Directions for this task: Repeat the lines of the data exactly and exclude any picture among them.

⁂

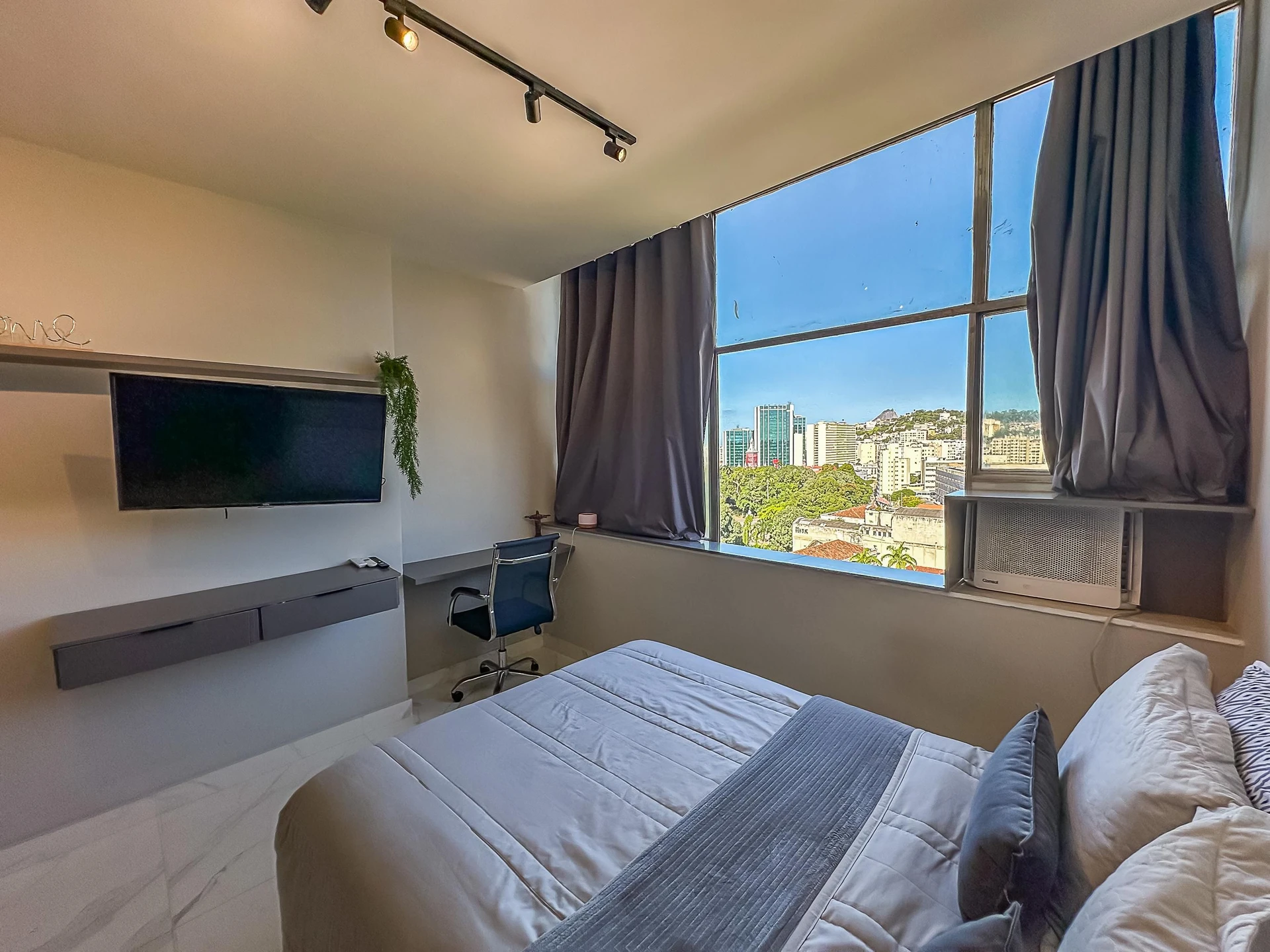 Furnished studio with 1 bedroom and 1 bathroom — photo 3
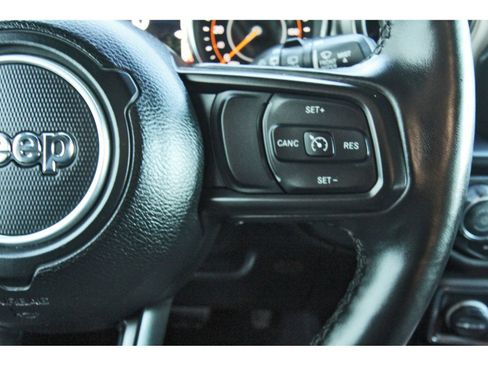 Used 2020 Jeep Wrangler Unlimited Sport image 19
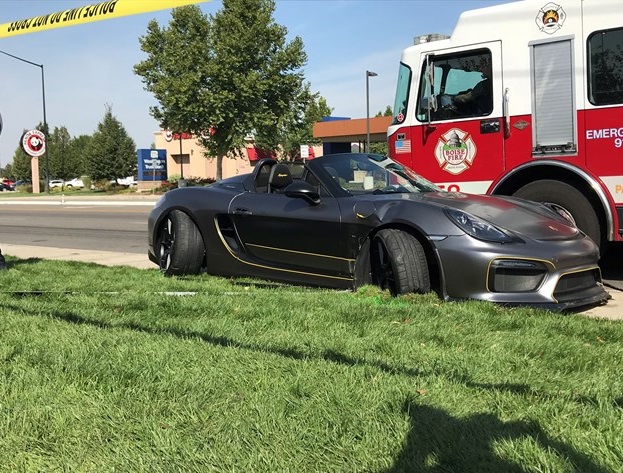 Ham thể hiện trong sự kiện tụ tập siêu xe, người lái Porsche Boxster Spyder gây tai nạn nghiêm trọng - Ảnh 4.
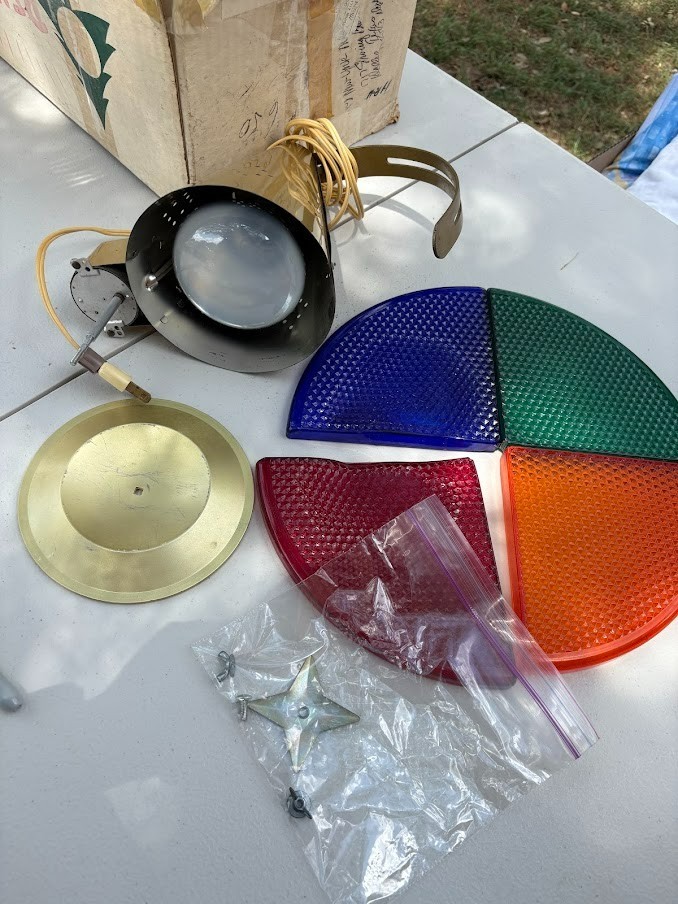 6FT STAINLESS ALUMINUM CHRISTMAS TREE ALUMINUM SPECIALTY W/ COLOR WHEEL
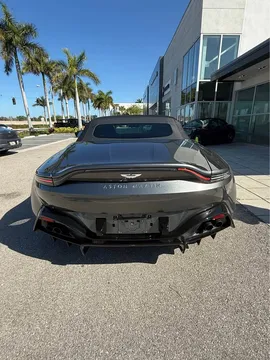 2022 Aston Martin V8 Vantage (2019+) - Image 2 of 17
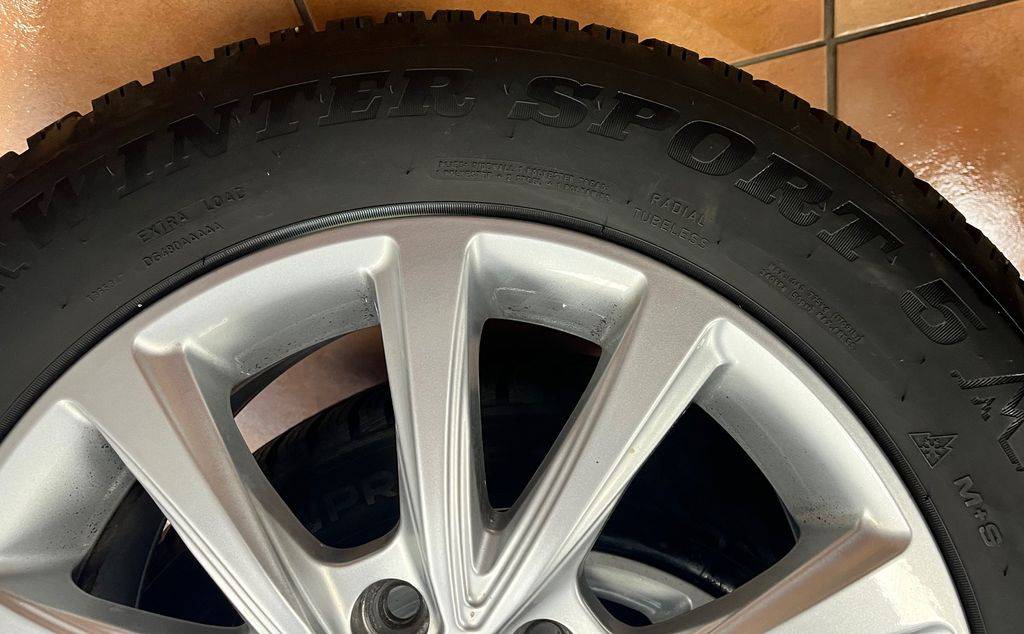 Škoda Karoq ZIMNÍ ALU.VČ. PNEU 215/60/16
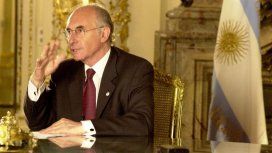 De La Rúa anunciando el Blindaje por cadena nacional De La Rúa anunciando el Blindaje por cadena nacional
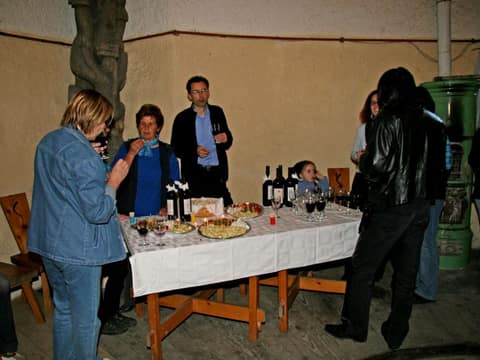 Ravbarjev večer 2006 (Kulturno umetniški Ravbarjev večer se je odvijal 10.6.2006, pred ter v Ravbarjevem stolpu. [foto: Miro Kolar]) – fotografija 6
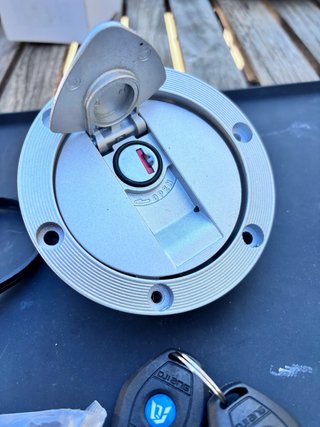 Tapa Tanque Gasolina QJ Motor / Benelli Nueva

⁂

Answer space:
 Furnished studio with 1 bedroom and 1 bathroom — photo 3
 Used 2020 Jeep Wrangler Unlimited Sport image 19
 Ham thể hiện trong sự kiện tụ tập siêu xe, người lái Porsche Boxster Spyder gây tai nạn nghiêm trọng - Ảnh 4.
 6FT STAINLESS ALUMINUM CHRISTMAS TREE ALUMINUM SPECIALTY W/ COLOR WHEEL
 2022 Aston Martin V8 Vantage (2019+) - Image 2 of 17
 Škoda Karoq ZIMNÍ ALU.VČ. PNEU 215/60/16
 De La Rúa anunciando el Blindaje por cadena nacional De La Rúa anunciando el Blindaje por cadena nacional
 Ravbarjev večer 2006 (Kulturno umetniški Ravbarjev večer se je odvijal 10.6.2006, pred ter v Ravbarjevem stolpu. [foto: Miro Kolar]) – fotografija 6
 Tapa Tanque Gasolina QJ Motor / Benelli Nueva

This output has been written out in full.